What is needed> Reproduce from the records below, with no pictures, exactly the lines between the one containing "Trump's Tariffs on" and the one containing "Nike Club+ Reversible", inclusive.

The data>

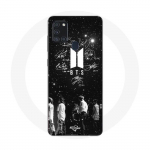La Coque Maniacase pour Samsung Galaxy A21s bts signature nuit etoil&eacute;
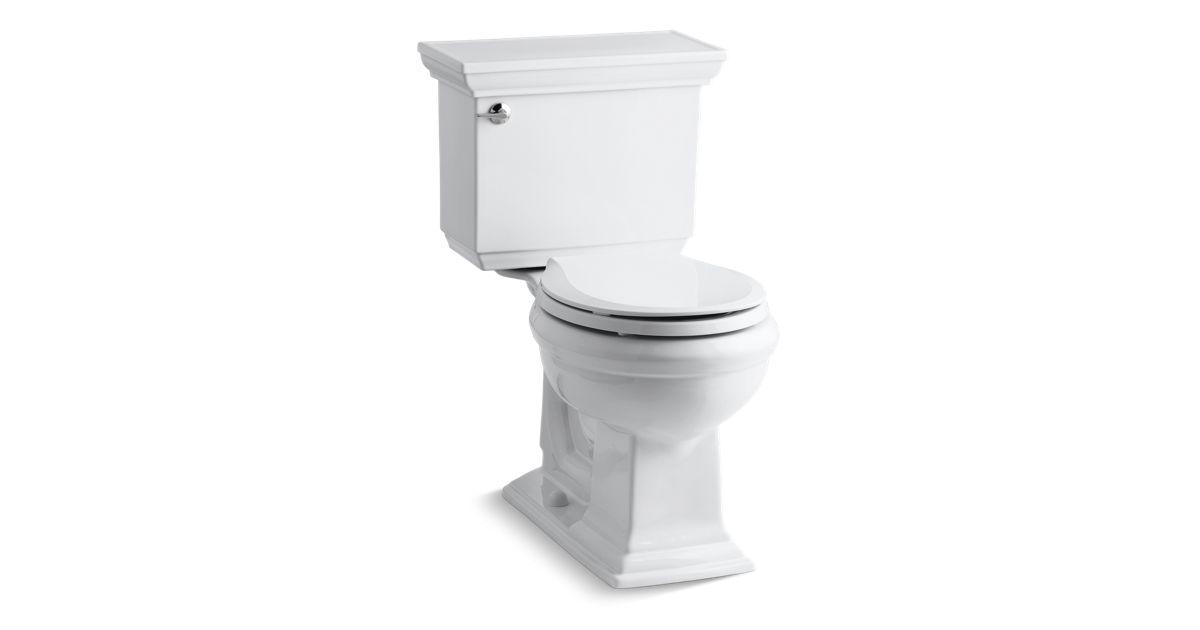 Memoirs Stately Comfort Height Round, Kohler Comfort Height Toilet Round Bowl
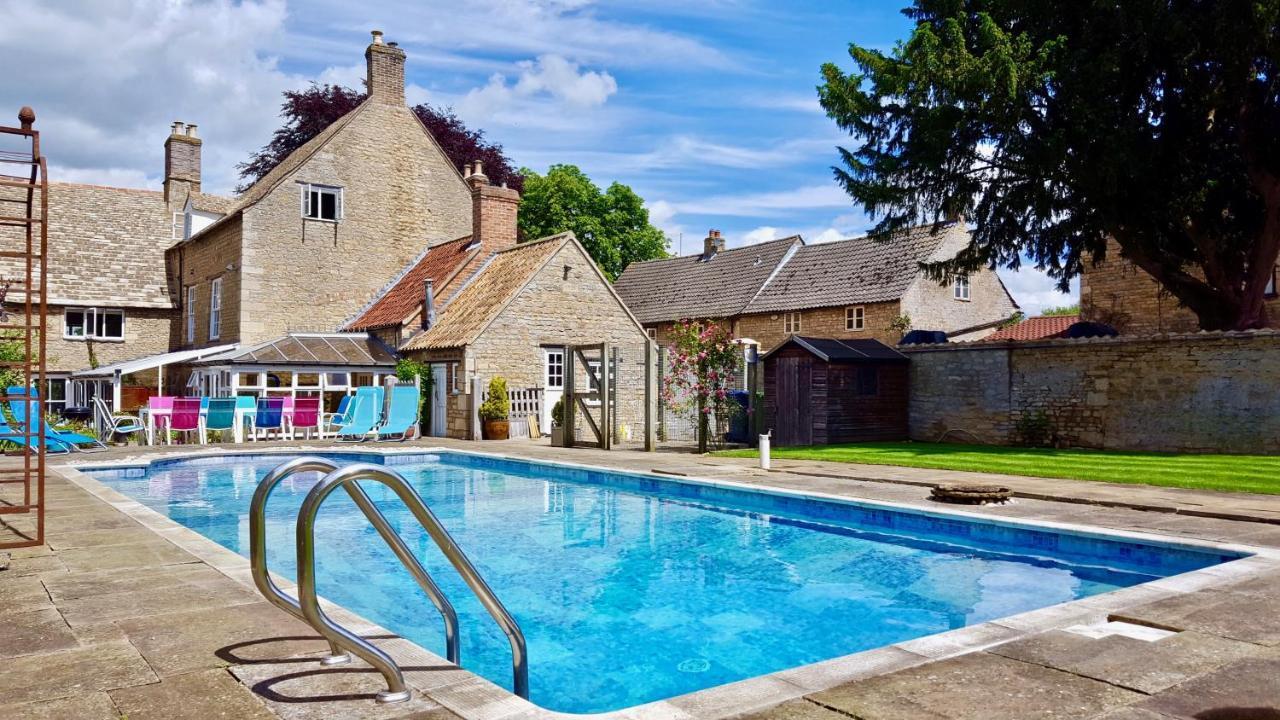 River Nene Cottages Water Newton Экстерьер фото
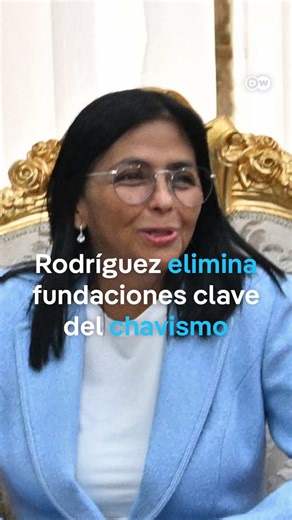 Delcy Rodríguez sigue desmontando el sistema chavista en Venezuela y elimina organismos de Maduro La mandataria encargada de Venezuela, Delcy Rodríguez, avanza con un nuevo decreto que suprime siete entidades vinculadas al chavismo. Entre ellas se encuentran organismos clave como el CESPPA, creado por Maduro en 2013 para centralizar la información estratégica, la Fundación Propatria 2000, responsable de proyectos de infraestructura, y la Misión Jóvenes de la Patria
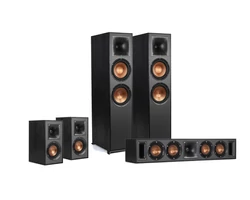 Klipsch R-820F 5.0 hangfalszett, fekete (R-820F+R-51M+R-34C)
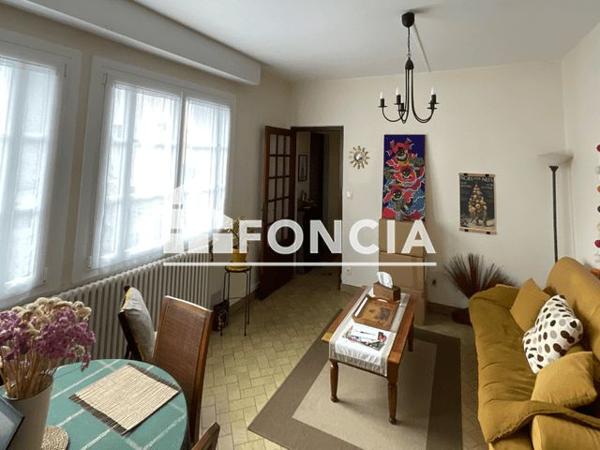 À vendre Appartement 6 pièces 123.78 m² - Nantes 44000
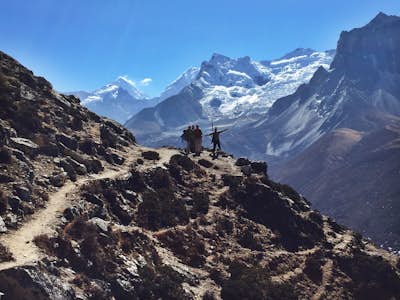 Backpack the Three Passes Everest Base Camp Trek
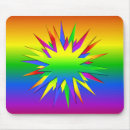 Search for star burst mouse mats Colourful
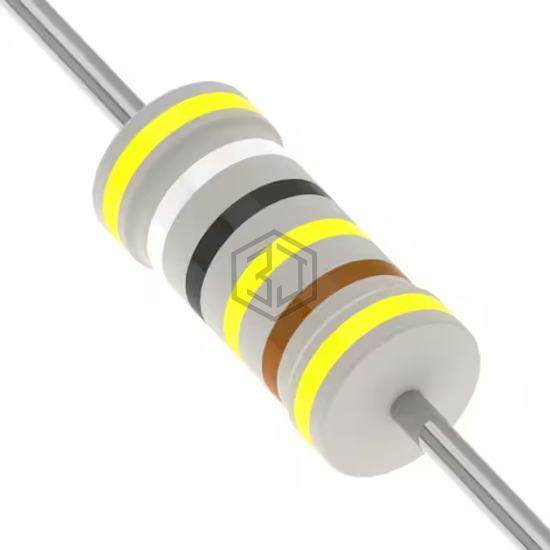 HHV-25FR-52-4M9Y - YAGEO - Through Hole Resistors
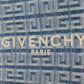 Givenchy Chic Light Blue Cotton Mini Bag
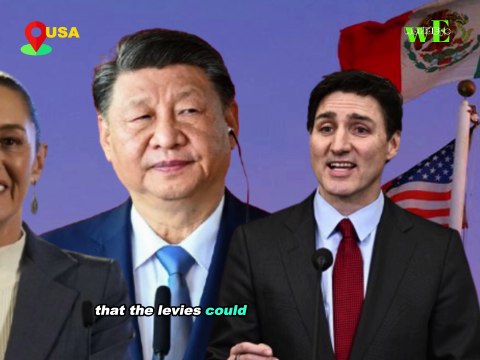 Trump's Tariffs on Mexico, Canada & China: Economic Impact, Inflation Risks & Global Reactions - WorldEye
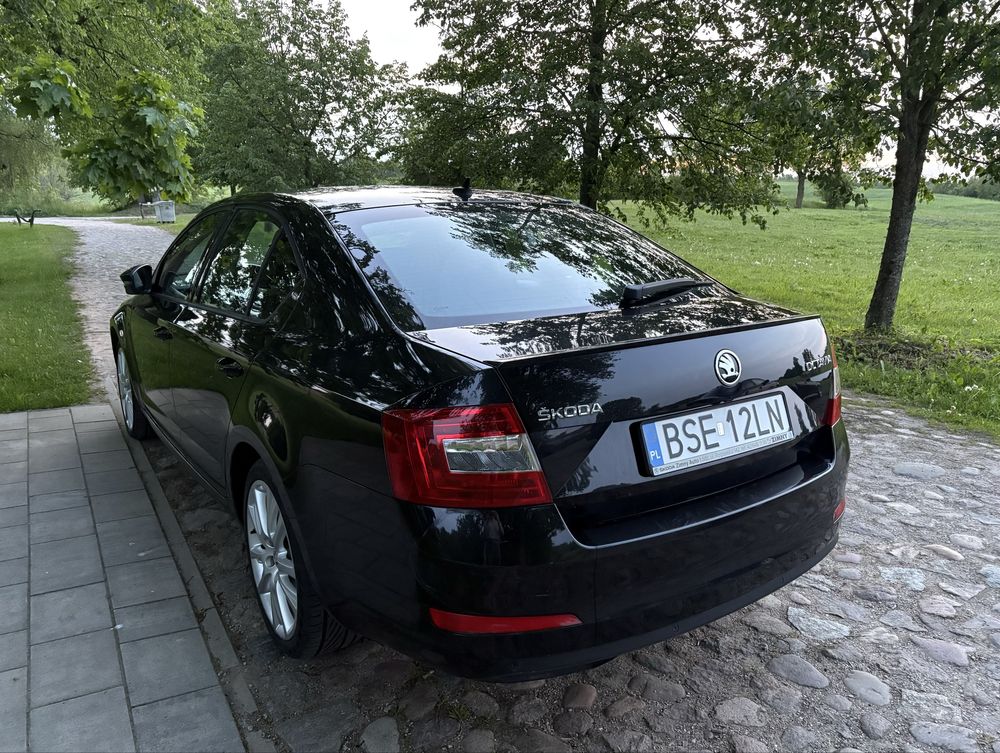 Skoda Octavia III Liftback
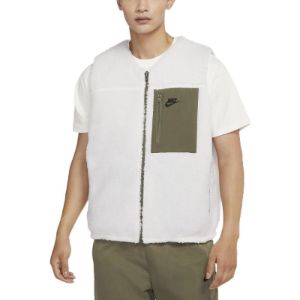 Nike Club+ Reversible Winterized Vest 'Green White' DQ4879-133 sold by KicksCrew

==

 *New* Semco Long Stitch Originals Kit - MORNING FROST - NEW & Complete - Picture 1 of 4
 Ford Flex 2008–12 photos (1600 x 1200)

Response below>
 Trump's Tariffs on Mexico, Canada & China: Economic Impact, Inflation Risks & Global Reactions - WorldEye
 Skoda Octavia III Liftback
 Nike Club+ Reversible Winterized Vest 'Green White' DQ4879-133 sold by KicksCrew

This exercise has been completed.